The next day my cousin and her tobacco-selling husband took me to Vasquez rocks where, apparently a lot of Star Trek was shot. The place was beautiful, in a very moonscapey, deserty, in the middle of nowhere kind of way, more scenic than wilderness. Not the kind of place you have to stick together to survive in. So I wandered away from my hosts. I wasn't used to enjoying nature but I was certainly glad not to be in Disneyland, to be somewhere real.

So I went off alone, and climbed up one of the rocks. And then, since nothing extraordinary had happened the way I had come, I decided to go back a different way. And then I lost my footing and was face down on the earth, sliding down to a big drop off and certain death on the rocks below.

I grabbed onto some growing thing. Weeds I think. Clumps not much bigger than my fists. But their roots held. I grabbed on and dug my high tops into the dirt and I clawed my way back up the mountain.

When I got back to solid ground my heart was pounding, my mind racing. Even a New Yorker knows that there has to be some message from the universe in a near-death experience. But what was it? Was it that no matter what became of me, in my moments of truth, it would be my roots that would save me? Did it mean it was dangerous to wander off alone? And if it did mean that, wasn't that the very same message that I should have gotten from Disneyland? But that I had scorned? Because I was too cool to hear a message delivered by grownups in giant cartoon heads? And if choosing to be alone was death-defying what about me and my whole boho chic life, and what about how I knew I would never be like my parents and buckle and fall in love. In that way. What about the fact that you were always alone, no matter what?

And I looked up at the clear blue sky, smelled the dirt still under my fingernails. I longed to tell someone who loved me, in a not-cousin way, that I was alive. That I had survived. Partly through my own will, but partly through the grace of the damp earth and the feisty roots of the well-placed weeds. I stood there more scared than I had been on the ledge. I opened my heart and accepted the fact that I was not in control.

The first morning that I woke up back in my Mulberry St. loft bed, I had the word Sepulveda in my head. Sepulveda, Sepulveda I kept repeating. Like a magic spell I was casting on myself.
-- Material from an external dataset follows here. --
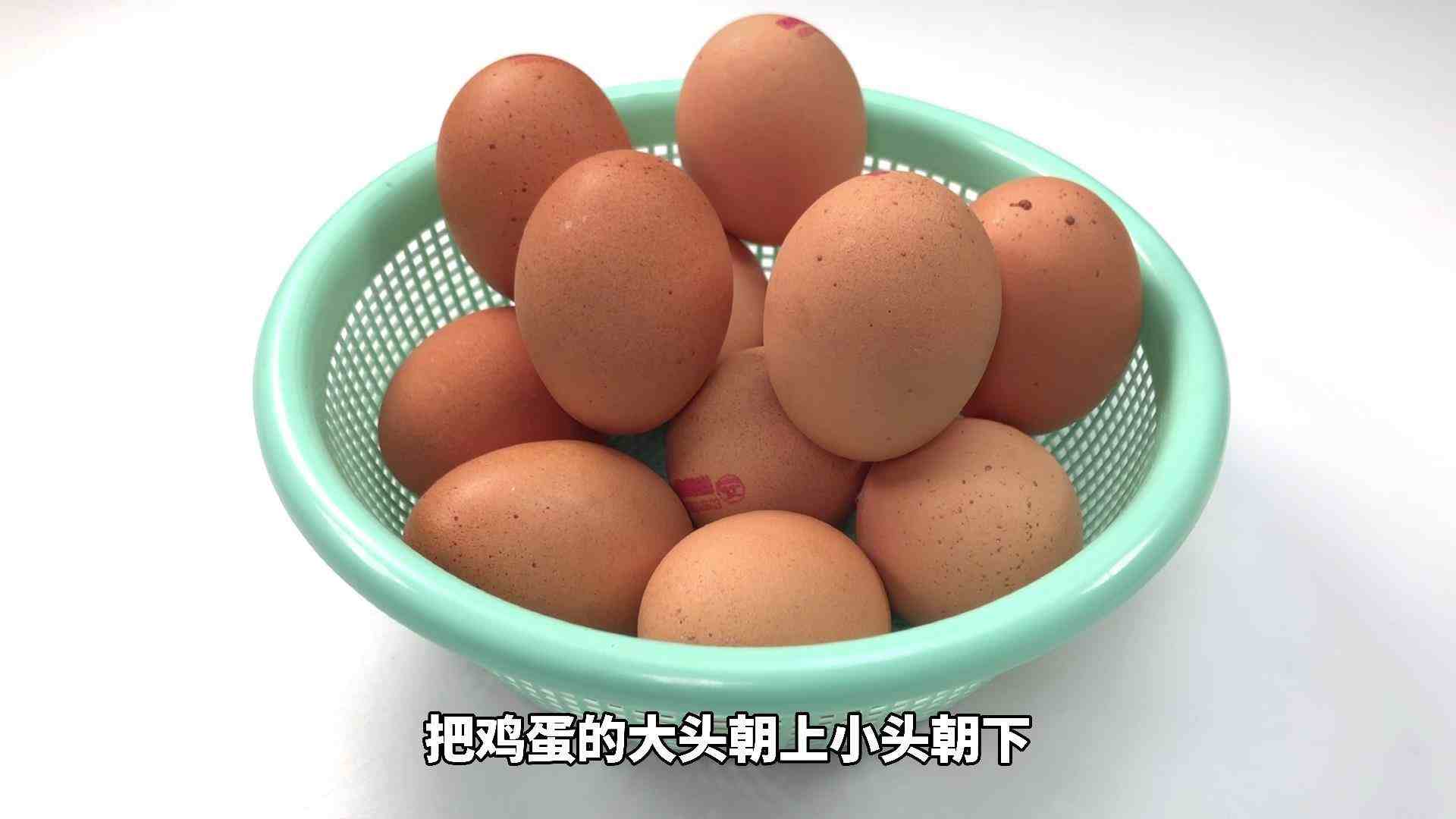 鸡蛋常温下能放多久(鸡蛋千万别放冰箱)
Or trying to break.

I didn't understand what had happened to me in Los Angeles. If I'd just seen the real world for the first time or if I'd been infected by a treacherous fantasy.

Sepulveda. Sepulveda. I'd been bewitched by the mystery of a city so unknowable that even full sunshine could not illuminate the shadowy noirness lurking in the spaces between palm trees. Between cars in the asphalt parking lots in Anaheim. Between people.

And then I met Greg and we fell in love and we moved to LA and then we moved back to New York and then we moved to LA again. And now I love it. But I have never been back to Disneyland. Or to Vasquez rocks, where I almost died. But was re-born instead.